WORK INSTRUCTION | Repeat precisely the span of lines below that opens with the line containing "4150 NW 62nd Dr, Coconut Creek, FL 33073" and closes with the line containing "甘比搀扶刘銮雄入院检查 大刘拄拐气色不错", both included.

DATA |
......

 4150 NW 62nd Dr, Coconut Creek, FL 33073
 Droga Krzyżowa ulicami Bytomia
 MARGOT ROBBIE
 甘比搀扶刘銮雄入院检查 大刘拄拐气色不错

......

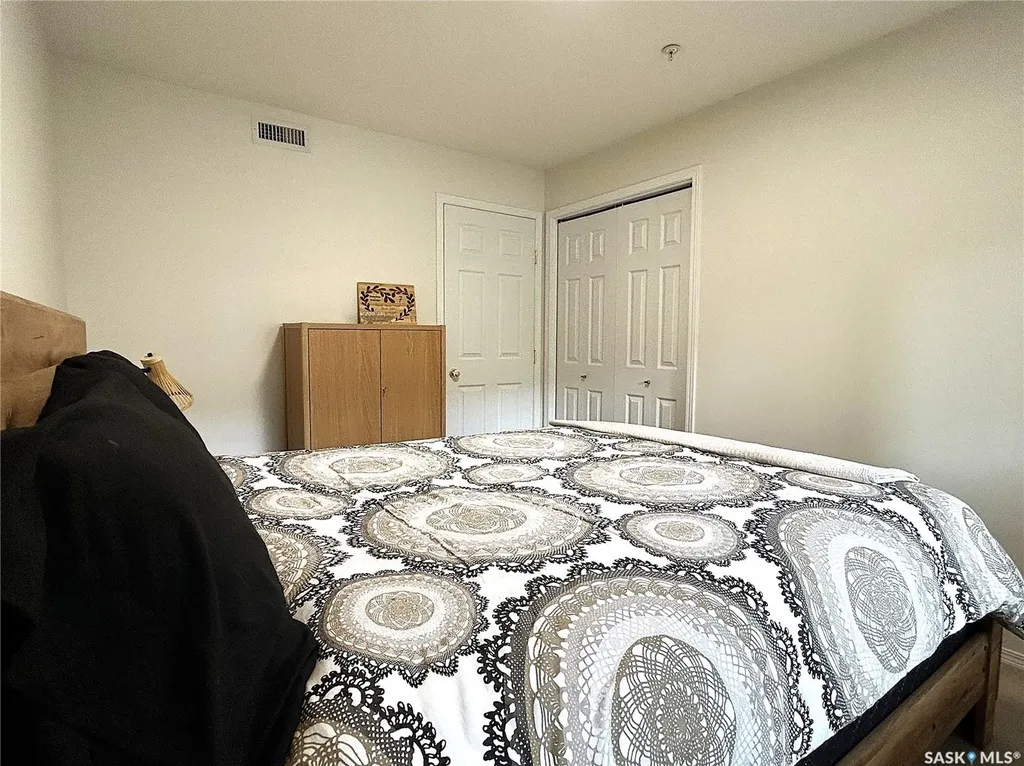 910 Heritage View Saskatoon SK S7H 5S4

......

SOLUTION BELOW |
 4150 NW 62nd Dr, Coconut Creek, FL 33073
 Droga Krzyżowa ulicami Bytomia
 MARGOT ROBBIE
 甘比搀扶刘銮雄入院检查 大刘拄拐气色不错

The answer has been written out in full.